China yesterday appointed hardliner Zheng Yanxiong (鄭雁雄) — a Chinese Communist Party official best known for tackling protests on the mainland — to head its new national security agency in Hong Kong.
Zheng is to lead the office set up by national security legislation that empowers Chinese security agents to operate in Hong Kong openly for the first time, unbound by the territory’s laws.
The office has investigation and prosecution powers, and is to monitor intelligence related to national security and process cases, in some circumstances handing them over to the mainland for trial.
Photo: AFP
Zheng rose through the ranks of the local government in Guangdong Province to serve as secretary-general of the provincial Chinese Communist Party committee.
The 56-year-old is known as a hardliner who stamped out often-violent anti-corruption protests that erupted in Wukan, a village in the province, in 2011 after a local protester died in police custody.
“He [Zheng] is a tough enforcer, a law-and-order person,” Willy Lam (林和立), an adjunct professor at the Chinese University of Hong Kong’s Centre for China Studies.
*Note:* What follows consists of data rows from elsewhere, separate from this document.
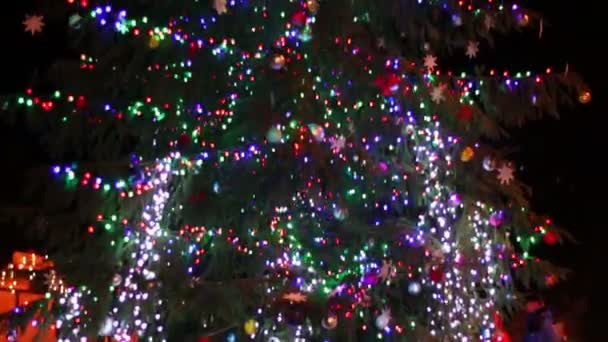 Kerstboom versierd met lichten, speelgoed 's nachts. — Stockvideo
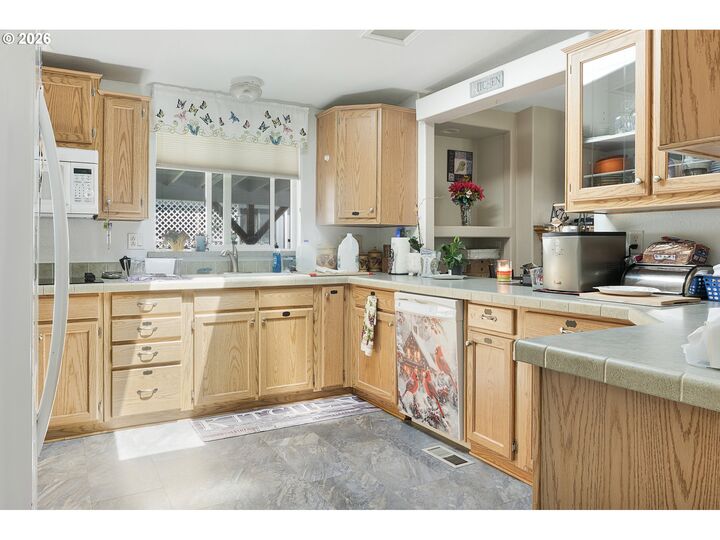Property Photo:  96465 Coverdell Rd 8  OR 97415 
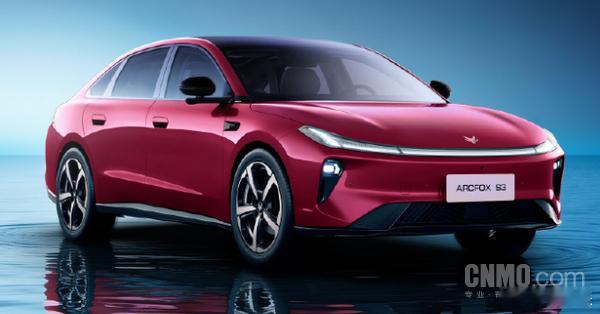 极狐 S34 月 24 日开启预售中型轿车，纯电 / 增程 / 换电三版本可选1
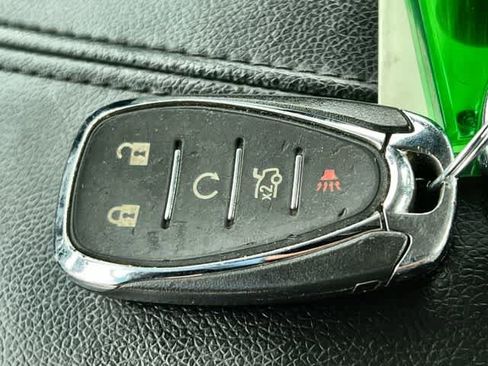 Used 2017 Chevrolet Malibu LT image 21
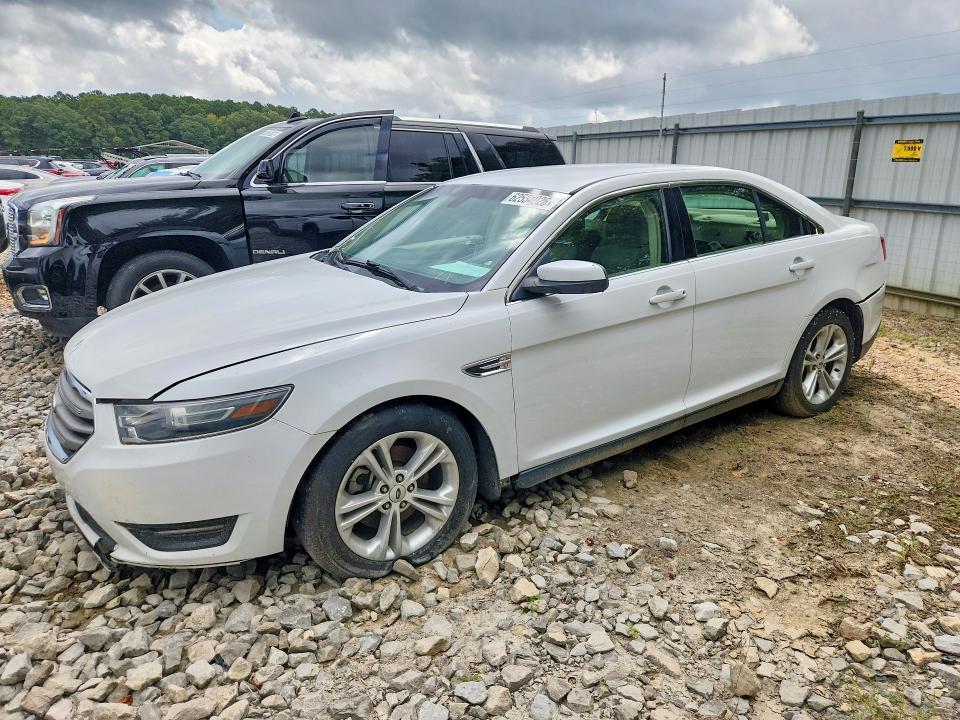 2015 Ford Taurus — фото 1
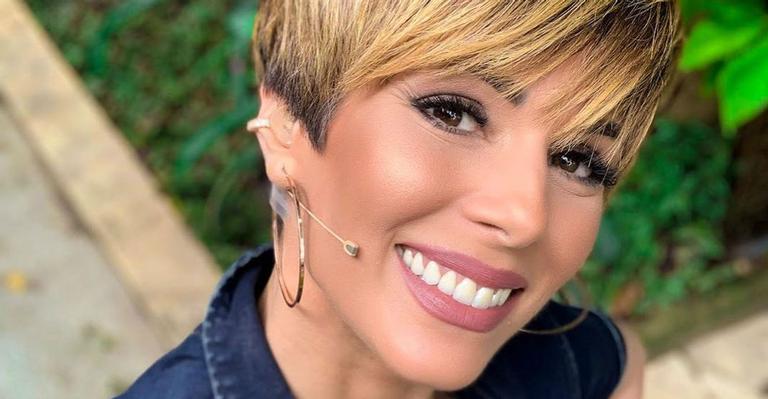 Ana Furtado se impressiona com surpresa da filha e comemora: “Mamãe se deu bem”
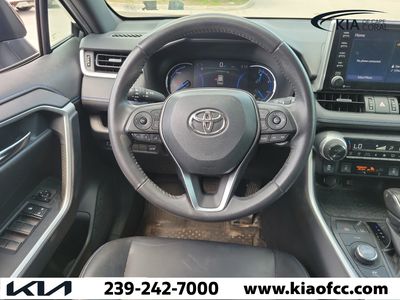2020 Toyota RAV4 - Photo 17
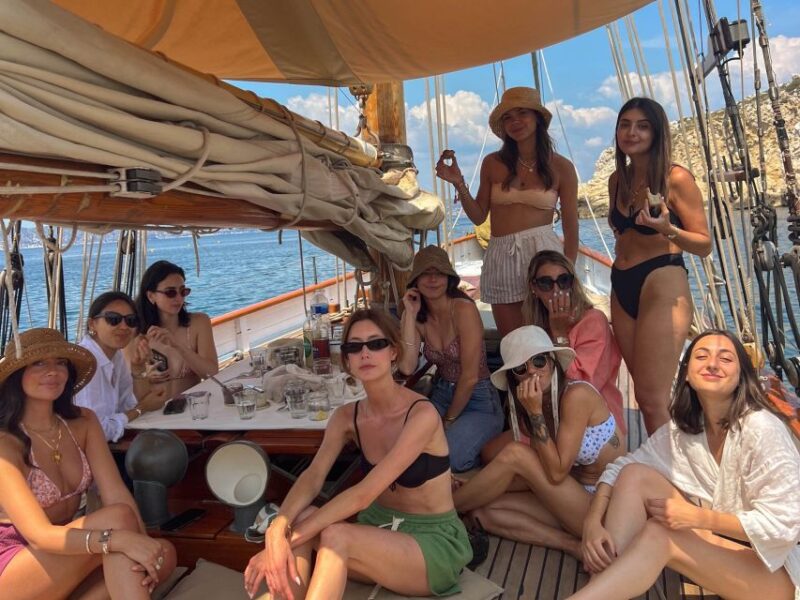 Marseille: Calanque Cruise With Lunch - What to Bring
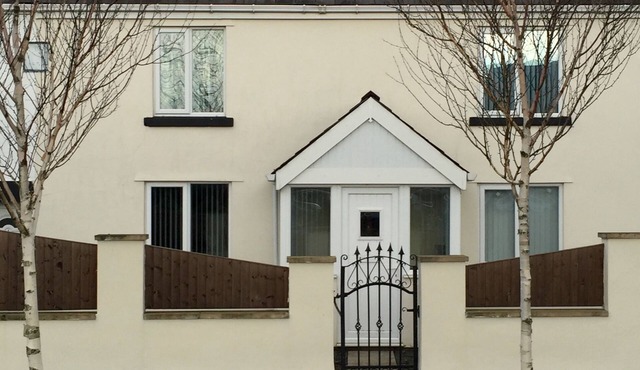 Large cottage modernised with Log burner, sleeps 3, close to motorway networks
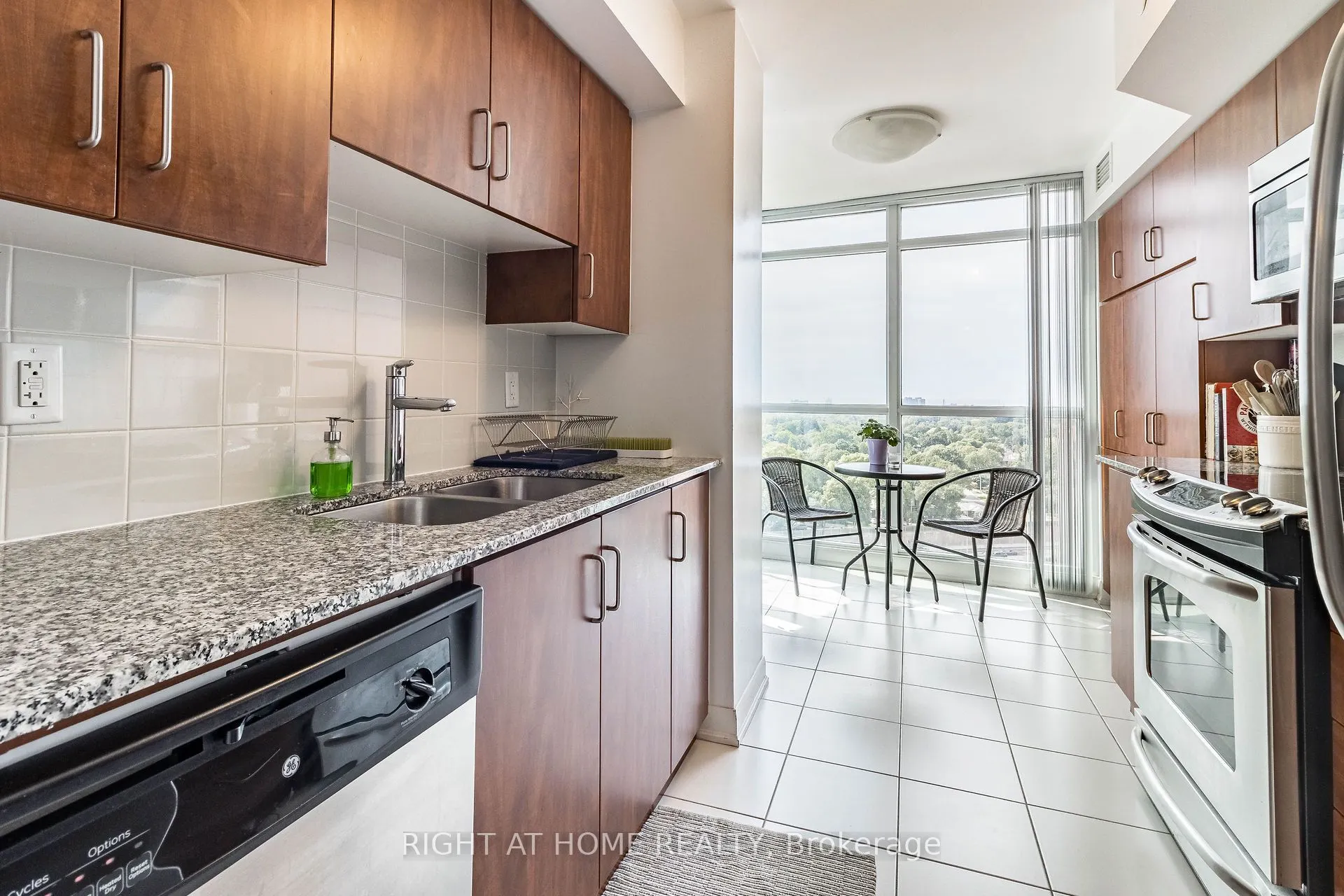 205 Sherway Gardens Road, #1609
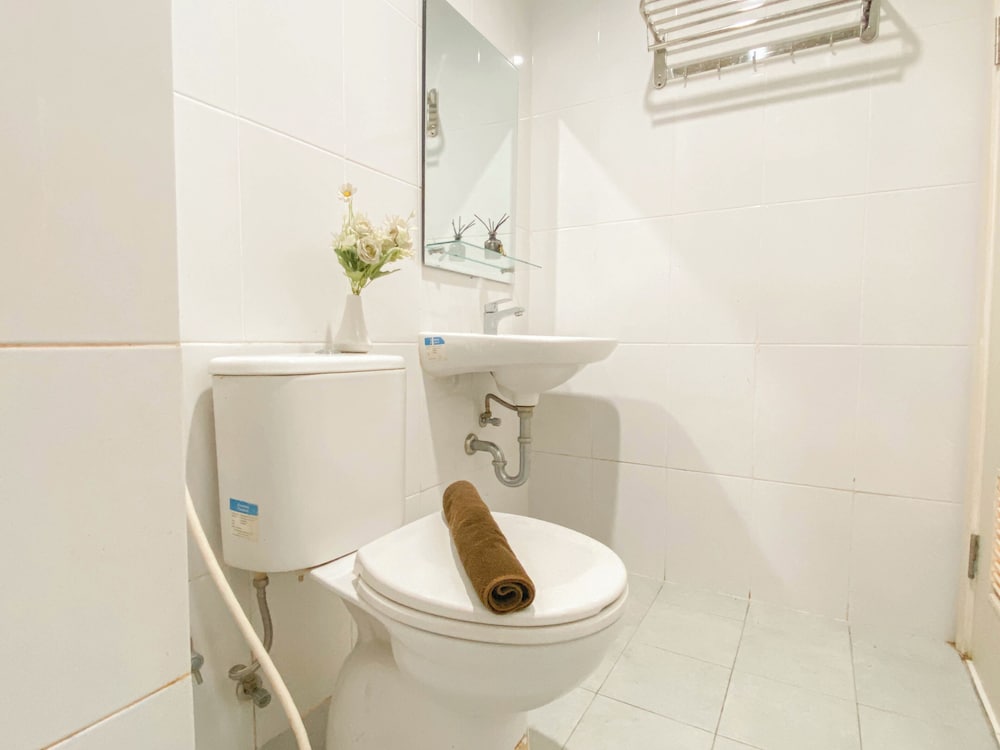 Homey And Modern 2Br At Patraland Urbano Apartment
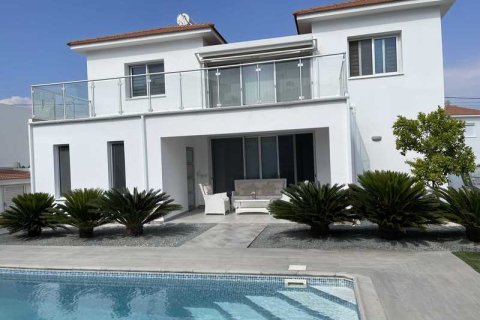 5 bedrooms Villa in Parekklisia, Cyprus No. 30983 16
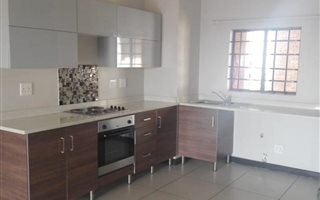 2 Bedroom Apartment in Rooihuiskraal North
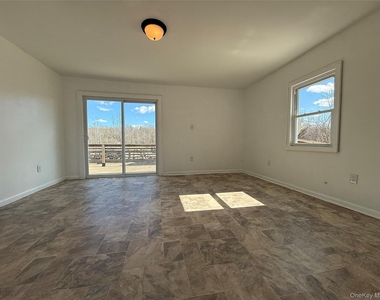 657 Eatontown Road - Photo Thumbnail 2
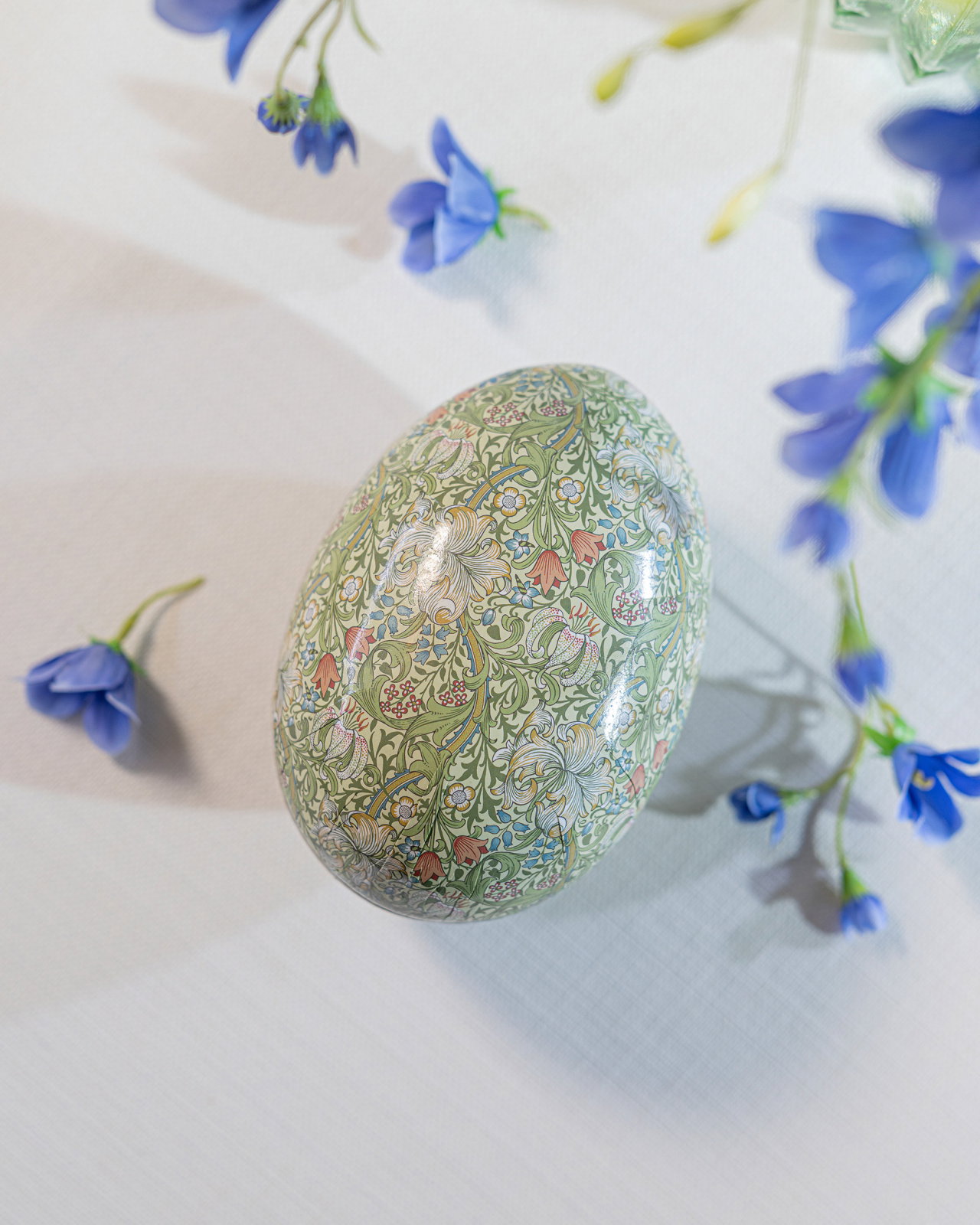 Golden Lily påskägg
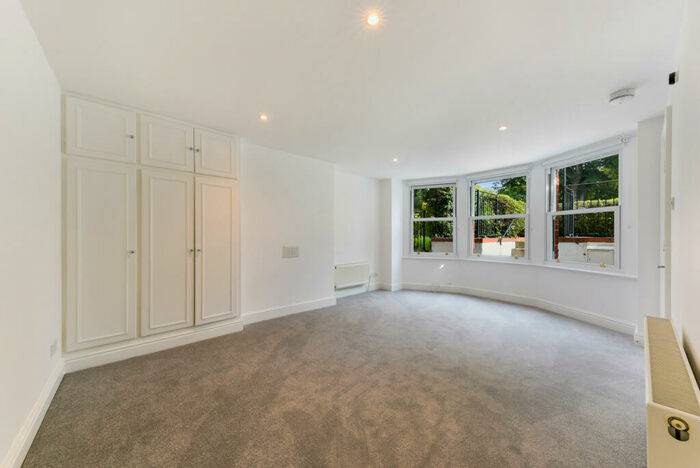 Apartment To Rent In The Gardens, East Dulwich London, SE22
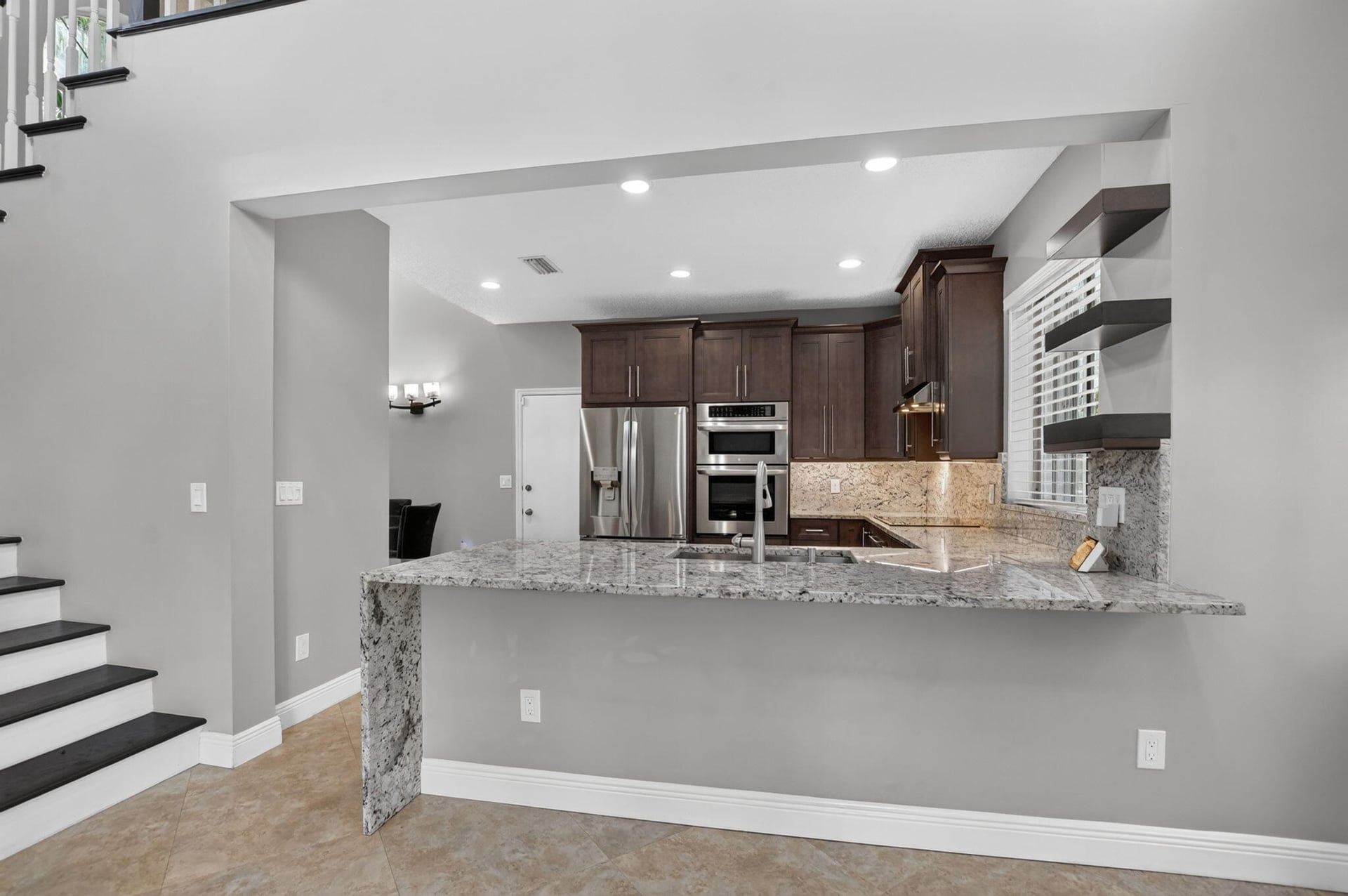 Residence photo 28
Beijing yesterday also named Hong Kong Liaison Office of the Central People’s Government Director Luo Huining (駱惠寧) as national security adviser to the territory’s new national security commission, chaired by Hong Kong Chief Executive Carrie Lam (林鄭月娥).
A loyalist of Chinese President Xi Jinping (習近平), Luo has built a reputation for enforcing party discipline and tackling corruption.